Melalui Humas BTNGC, Sabtu 13 Desember 2025, Ady Sularso, Menyampaikan, lokasi yang telah menerima surat peringatan sejak 25 November 2024. Di wilayah Palutungan, surat tersebut dikirimkan kepada sejumlah rumah makan dan objek wisata, di antaranya RM Varvara Hill, RM Saung Mang Eman Tenjolaut, RM Kedai Oma, RM Secret Garden, RM Warung Djenggo, RM Santana Resto, RM Bubulak, Wisata Jurang Landung, Wisata D Orchid, Taman Cisantana, Curug Sawer Cisantana, Sukageri View, Goa Maria, Saraeland, hingga Pondok Cai Pinus.
Sementara di wilayah utara kawasan TNGC, lima titik lain juga tercatat menerima surat serupa, yakni Blehod, Kharisma, Iko, H Uni, dan Arrahma. Untuk pemanfaatan nonkomersial, BTNGC mengaku telah mengirimkan surat imbauan kepada 54 desa penyangga.
Menanggapi kritik publik mengapa pemanfaatan air di titik-titik tersebut belum dihentikan, Kepala BTNGC menyampaikan alasan sosial-ekonomi. Ia menyebut hampir seluruh pengguna masih sangat bergantung pada pasokan air untuk kelangsungan usaha dan mata pencaharian. Pemutusan mendadak, menurutnya, berpotensi memicu dampak sosial yang lebih luas. “Kami harus menegakkan aturan konservasi, tetapi tetap mempertimbangkan aspek sosial dan ekonomi masyarakat,” ujarnya di hadapan massa aksi.

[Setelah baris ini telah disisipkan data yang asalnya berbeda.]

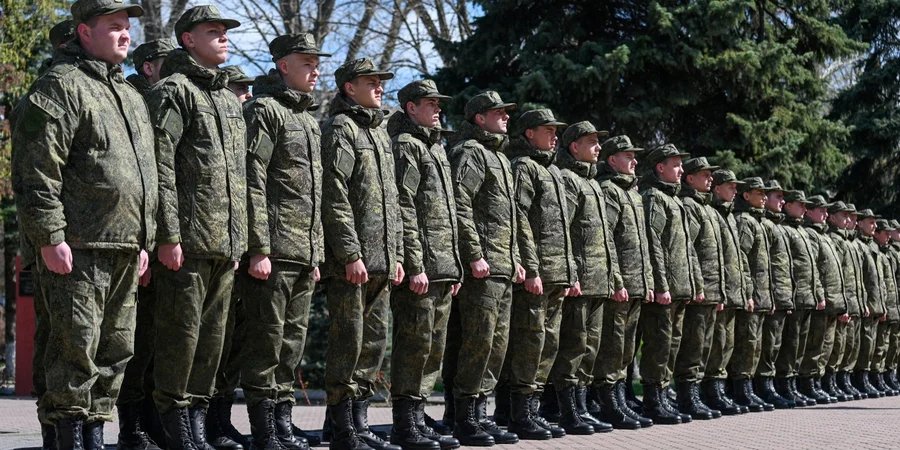 За&nbsp;сутки Россия потеряла 32 бронемашины, 36 артсистем и&nbsp;1100 солдат убитыми и&nbsp;ранеными&nbsp;&mdash; Генштаб ВСУ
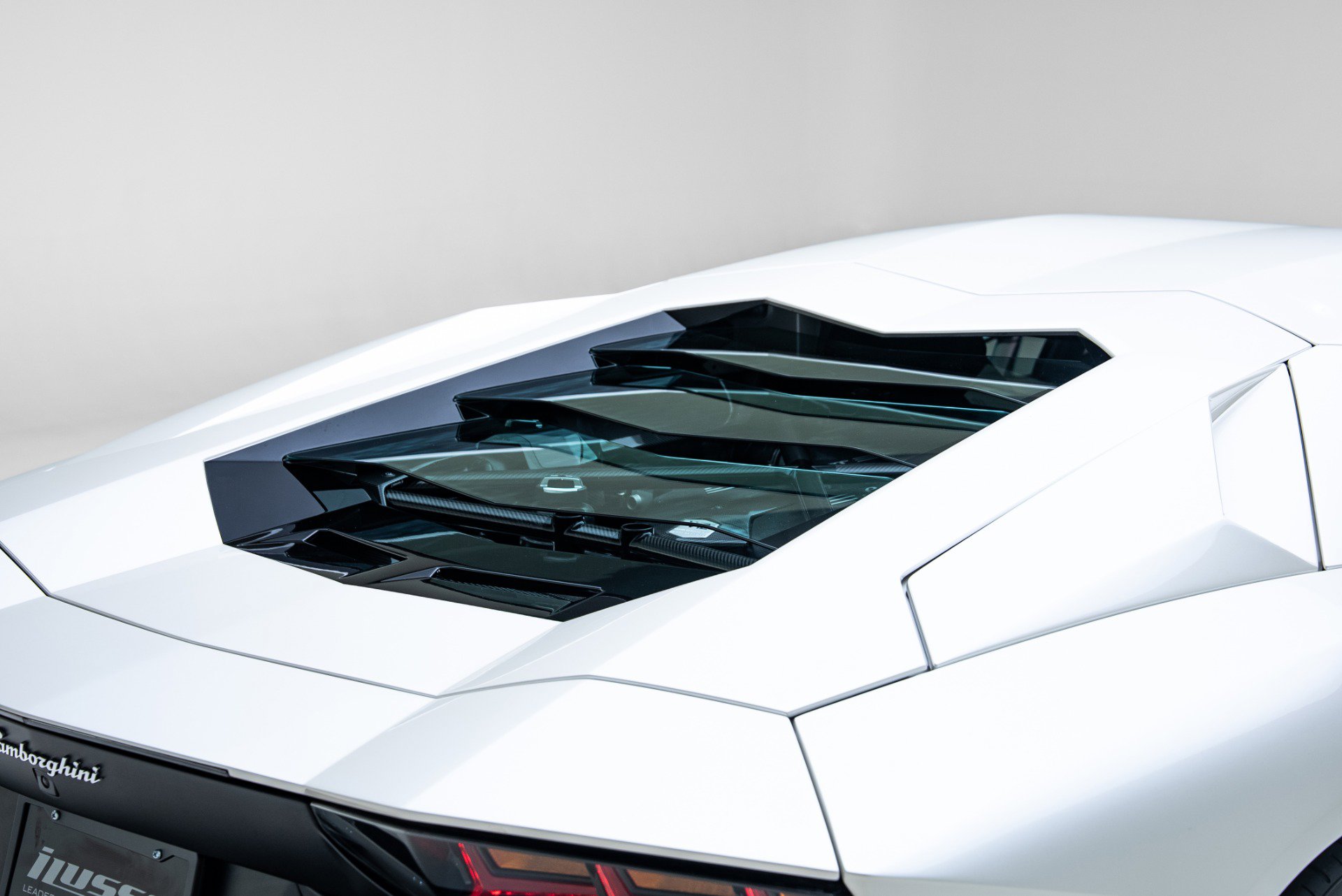 Used 2017 Lamborghini Aventador S image 30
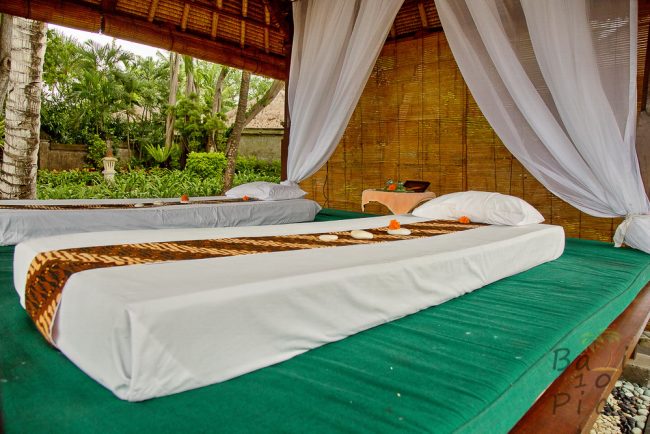 Bed massage - Bali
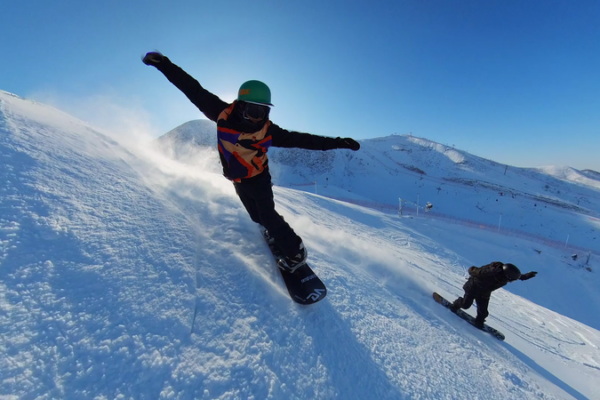 Xinjiang’s Ski Resorts Spark a Winter Tourism Boom video poster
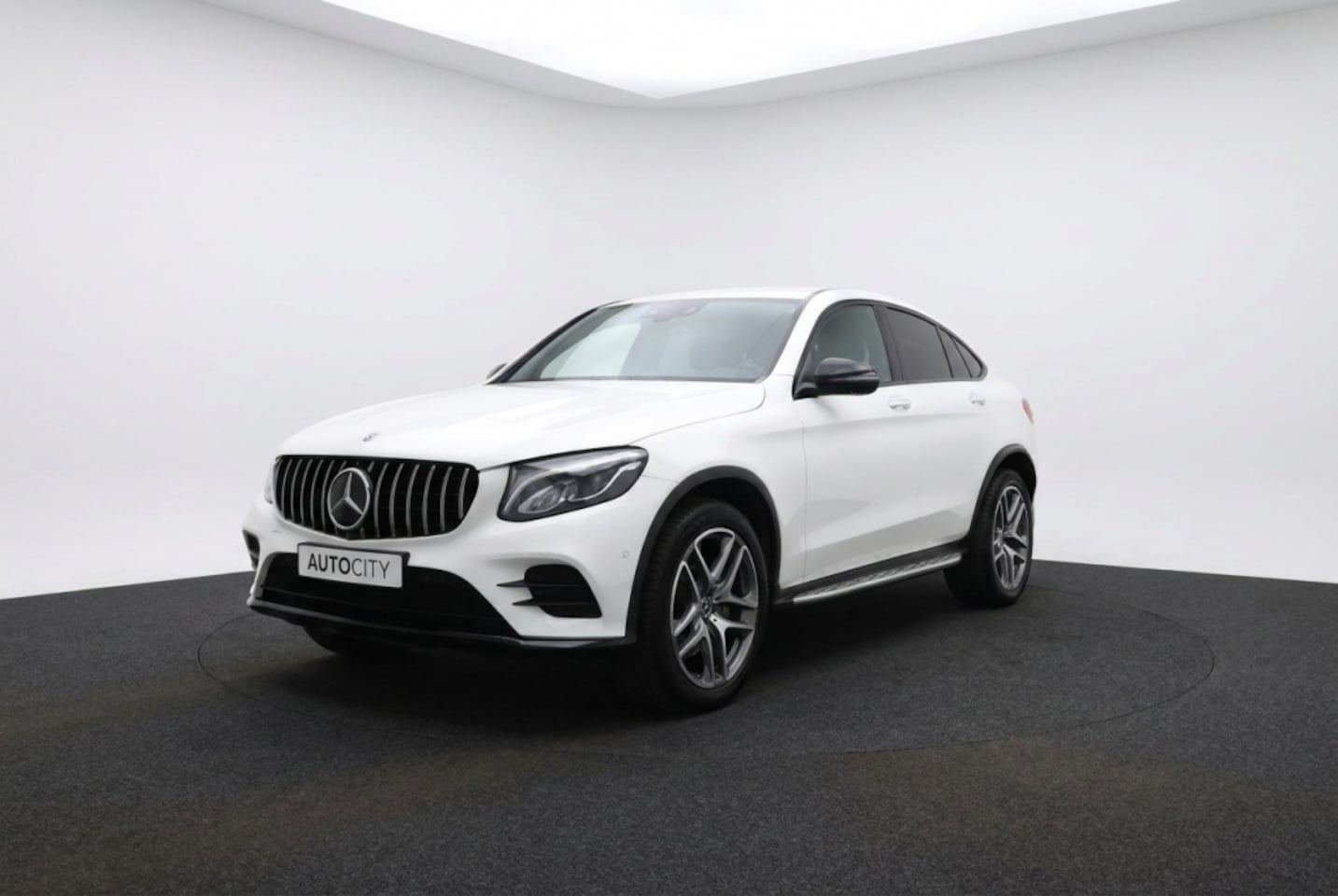 Mercedes-Benz GLC-klasse Coupé - 250 4MATIC Premium AMG Line l 360 Camera l Blindspot l Keyless - AutoWereld.nl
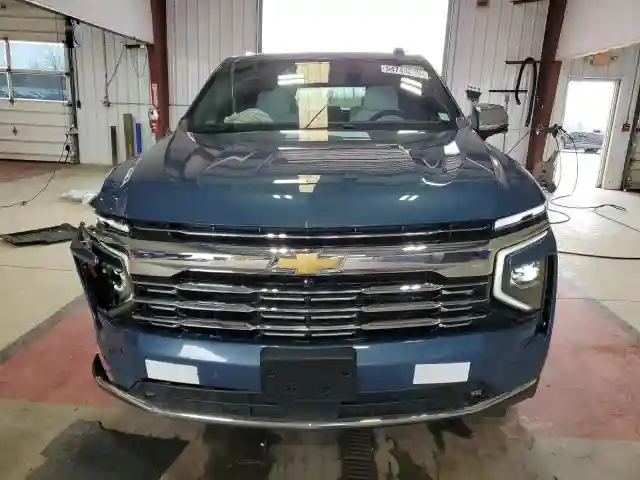 1GNS6FRD7SR198520 2025 CHEVROLET SUBURBAN-4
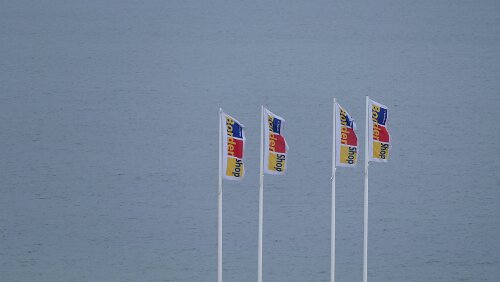 Hahnstätten – Malmö Die Fähnchen flattern im flauen Wind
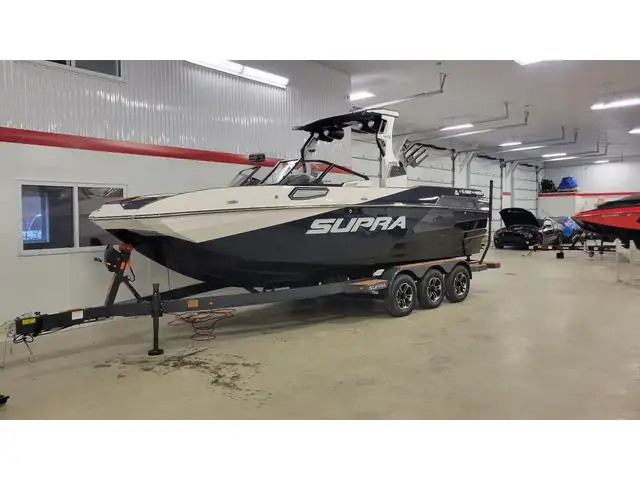2023 Supra SE in Powerboats & Motorboats in Granby - Image 8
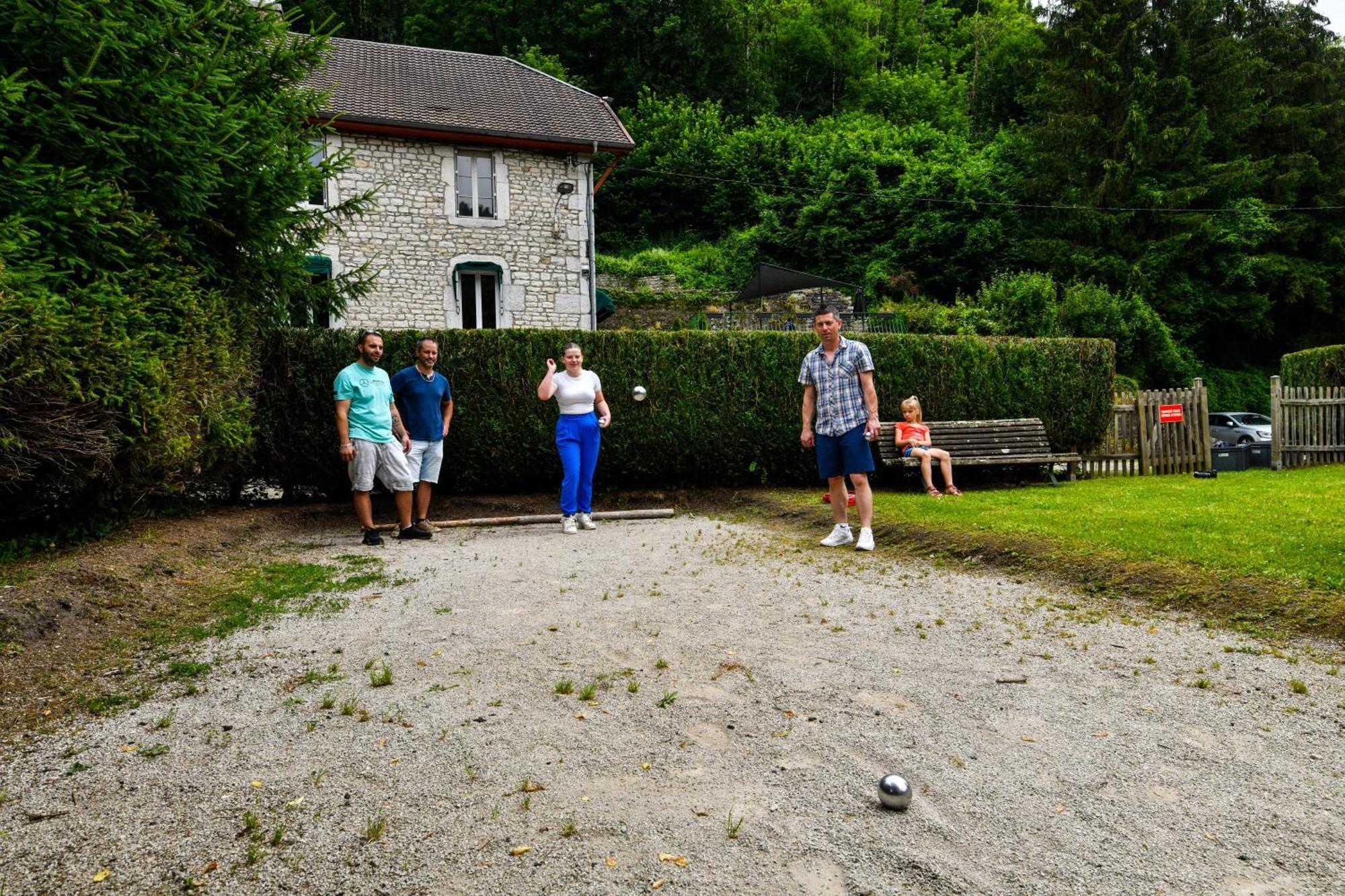 Gite La Truite D'Or Villa Lods Eksteriør billede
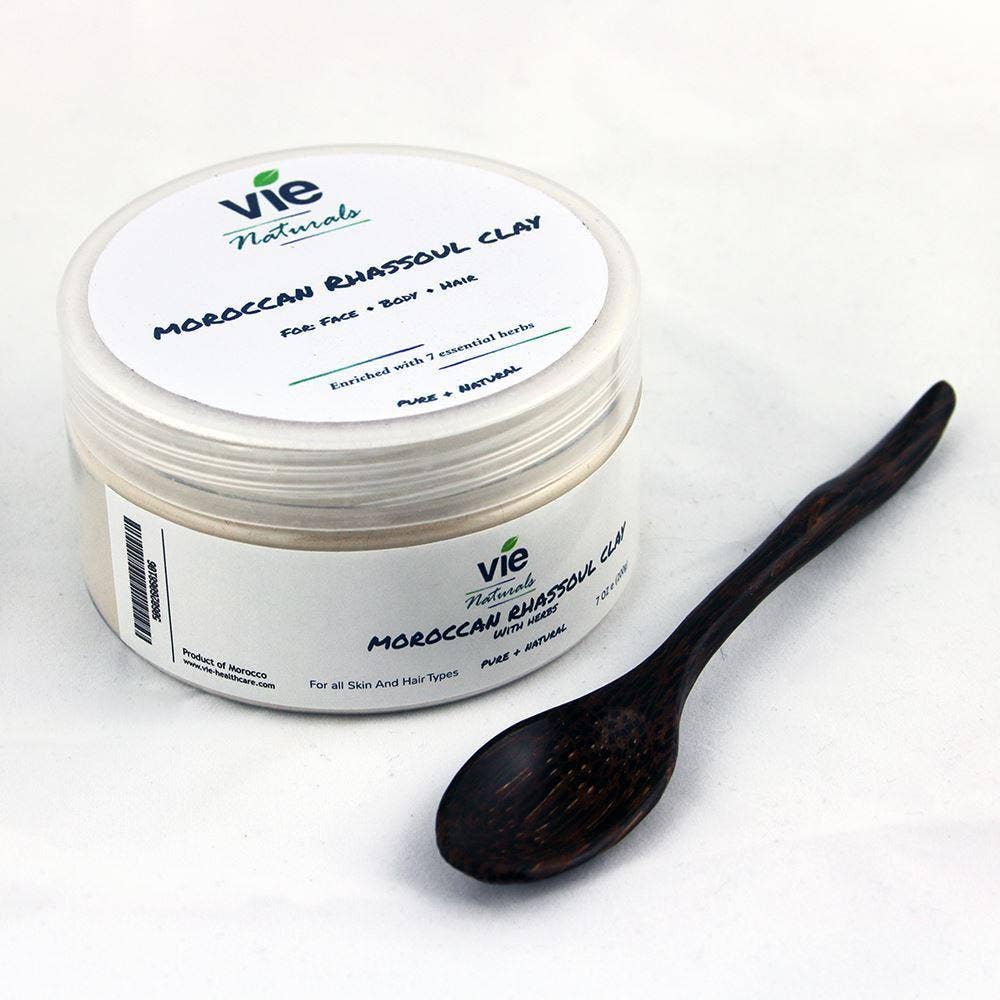Vie Naturals Moroccan Hammam Rhassoul with a Coconut Spoon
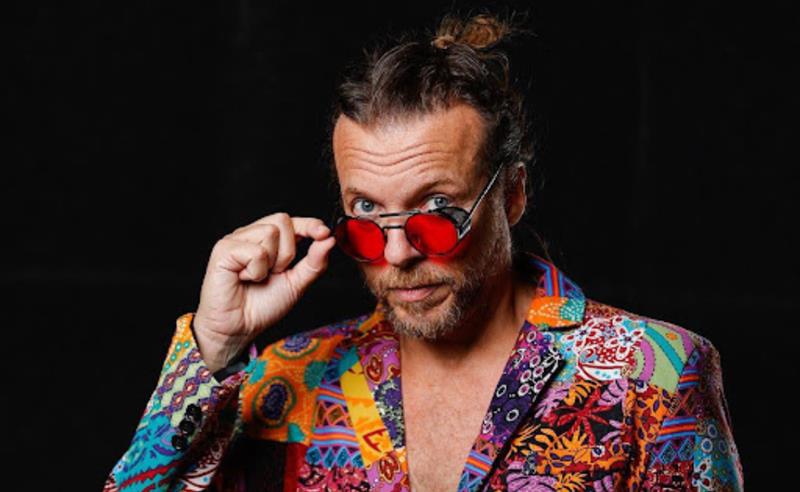 “Clássicos Acústicos Vol. 1″: Vinny celebra carreira com primeiro álbum desplugado e nova música de trabalho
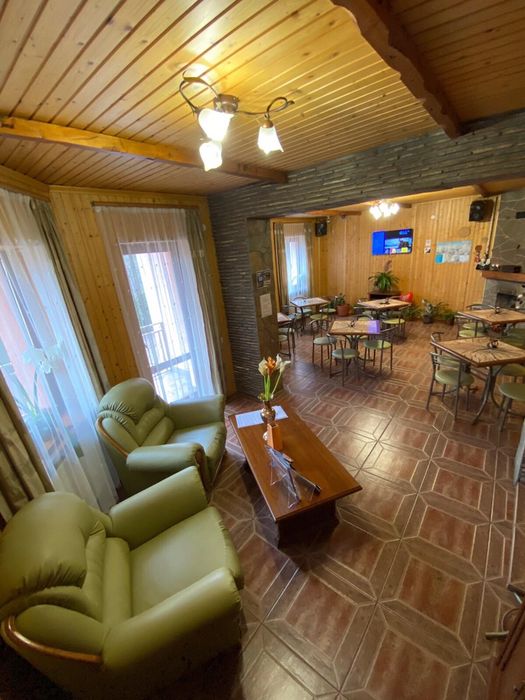 Продається котедж на 10 номерів у м. Яремче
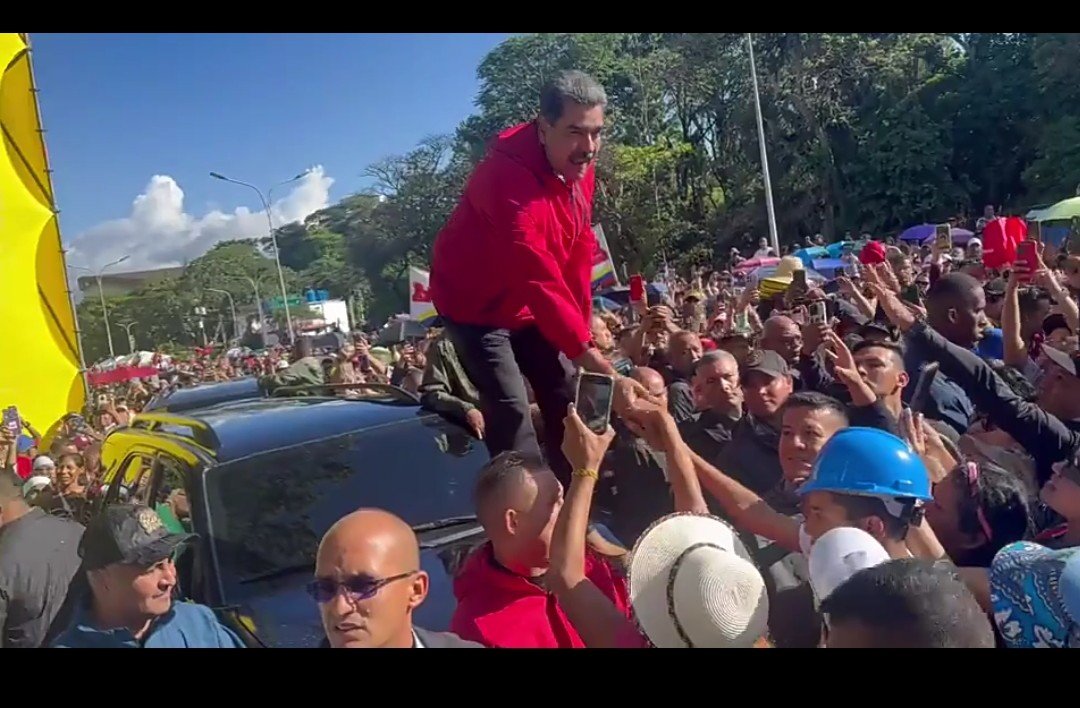 Que raro es ese "bunker" donde se esconde Maduro, según los Escuálidos.
No tiene techo, no tiene paredes y siempre hay una multitud...👇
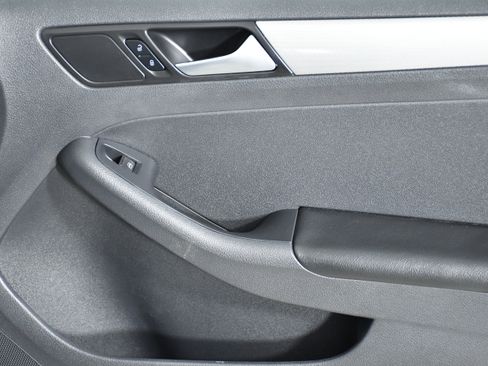 Used 2017 Volkswagen Jetta S image 27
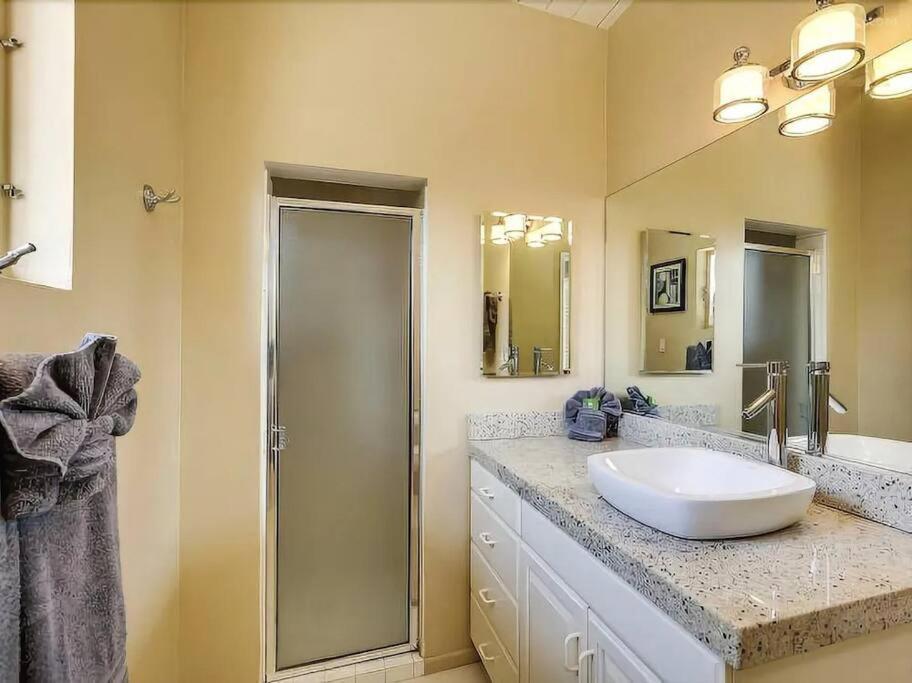 Serene 4 Bed 3 Bath Heated Pool Natural Backyard Heart Of ปาล์มสปริงส์ ภายนอก รูปภาพ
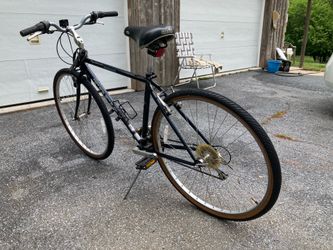 Classic Trek 700 Hybrid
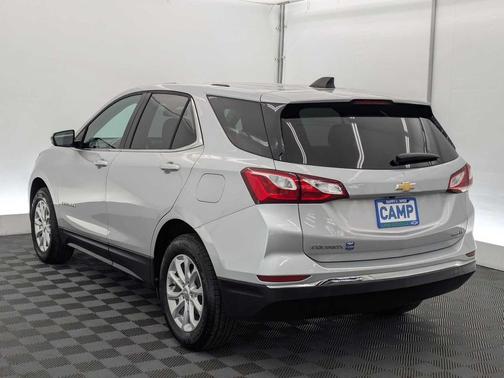 Silver Ice Metallic 2019 Chevrolet Equinox 1LT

Ady Sularso menambahkan, sebagian pelaku usaha kini tengah memproses izin resmi berupa Izin Usaha Pemanfaatan Air (IUPA) melalui sistem OSS pemerintah pusat. Beberapa di antaranya adalah Arunika, Rageman, Ipukan Highland, PAM Kota Cirebon, PAM Kabupaten Cirebon, PT KPK, dan PT Banyu Putra Mahkota. BTNGC, kata Ady, terus mendorong kepatuhan regulasi tanpa mengabaikan keberlangsungan ekonomi masyarakat sekitar.
Keterbukaan data yang baru disampaikan BTNGC dinilai sebagai langkah awal, tetapi publik masih menanti ketegasan, transparansi, dan tenggat waktu yang jelas dalam penataan ulang pemanfaatan air.
Di tengah krisis kepercayaan ini, desa-desa penyangga masih menggantungkan harapan pada satu hal mendasar: kepastian keberlanjutan sumber air. Bagaimana negara menempatkan kepentingan lingkungan, ekonomi, dan tata kelola secara adil kini akan menentukan masa depan Gunung Ciremai sebagai kawasan konservasi—apakah benar-benar dilindungi, atau perlahan terkikis oleh kompromi tanpa ujung.